#### [TASK GOAL]
The output should consist solely of the line containing "Ook zin gekregen" and the lines that follow it through the end of the data below.

#### [MATERIAL PROVIDED]
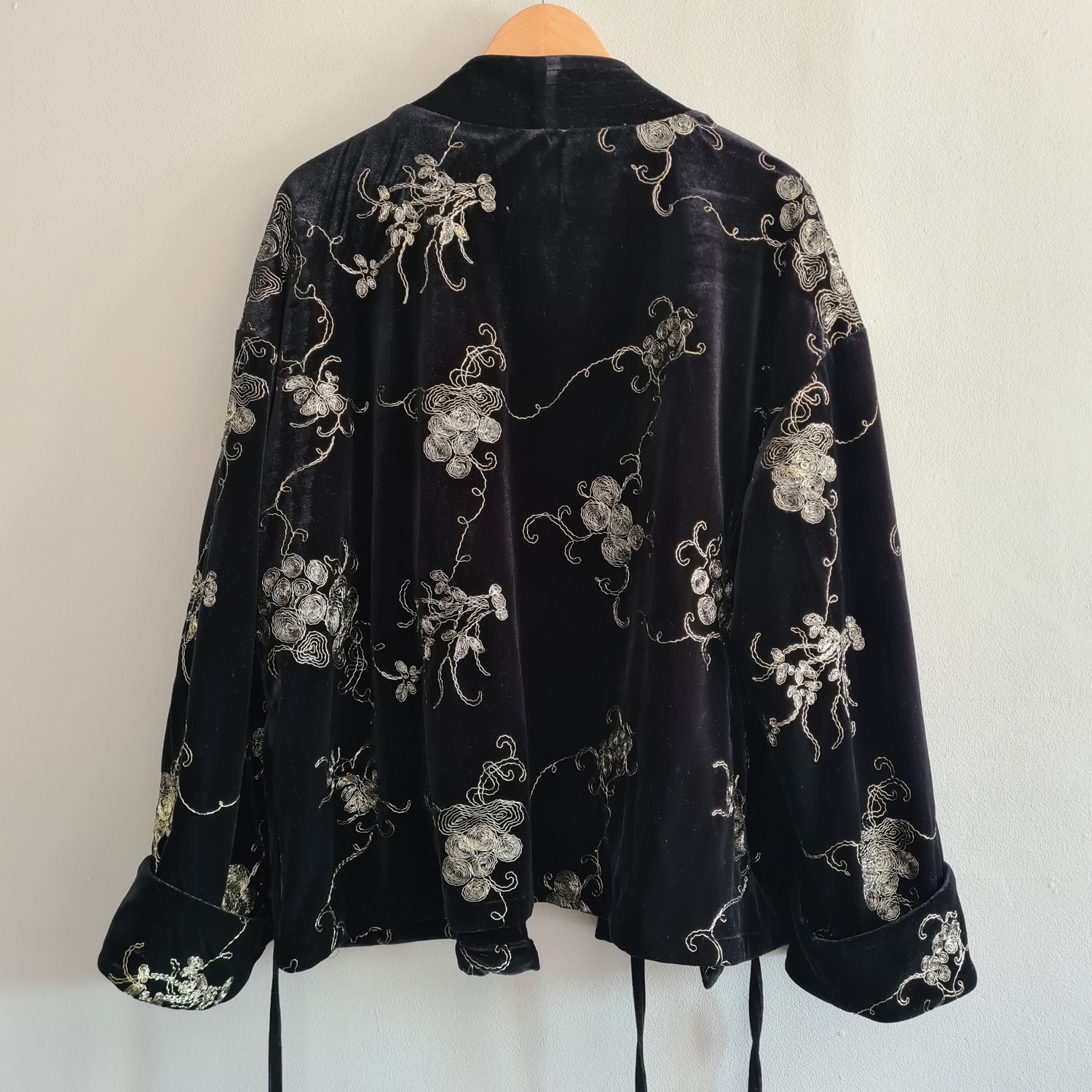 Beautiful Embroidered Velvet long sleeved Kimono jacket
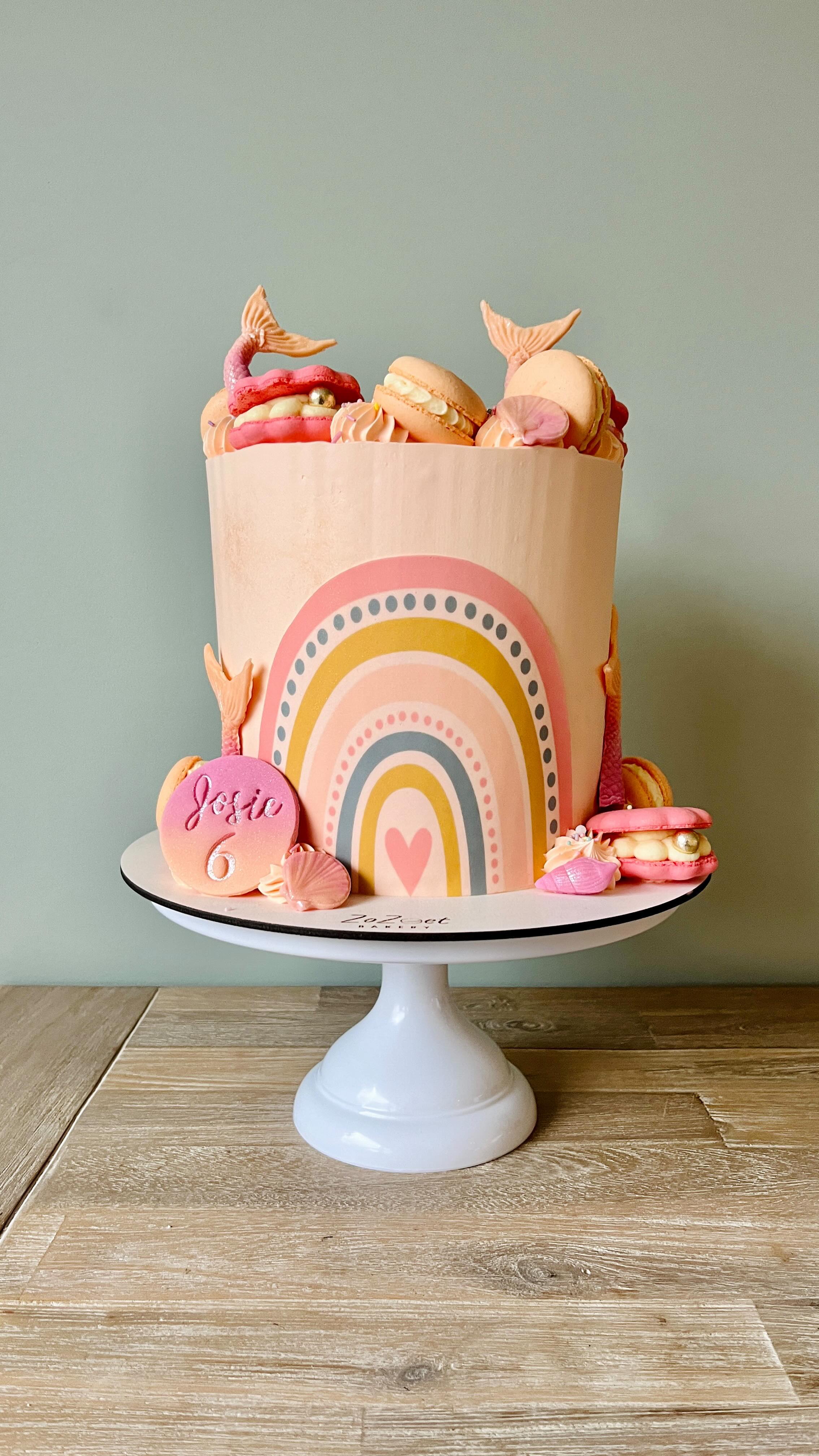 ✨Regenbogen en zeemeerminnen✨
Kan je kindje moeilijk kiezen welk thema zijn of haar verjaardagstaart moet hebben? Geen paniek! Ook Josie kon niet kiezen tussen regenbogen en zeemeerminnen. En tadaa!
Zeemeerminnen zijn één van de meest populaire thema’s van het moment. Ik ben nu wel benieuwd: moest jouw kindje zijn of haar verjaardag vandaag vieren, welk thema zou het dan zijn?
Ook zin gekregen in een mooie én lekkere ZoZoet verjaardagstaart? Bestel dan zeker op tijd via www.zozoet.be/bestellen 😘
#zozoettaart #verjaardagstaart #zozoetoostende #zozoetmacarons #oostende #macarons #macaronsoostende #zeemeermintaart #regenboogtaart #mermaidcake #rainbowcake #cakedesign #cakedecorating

#### [OUTPUT FOR THIS TASK]
Ook zin gekregen in een mooie én lekkere ZoZoet verjaardagstaart? Bestel dan zeker op tijd via www.zozoet.be/bestellen 😘
#zozoettaart #verjaardagstaart #zozoetoostende #zozoetmacarons #oostende #macarons #macaronsoostende #zeemeermintaart #regenboogtaart #mermaidcake #rainbowcake #cakedesign #cakedecorating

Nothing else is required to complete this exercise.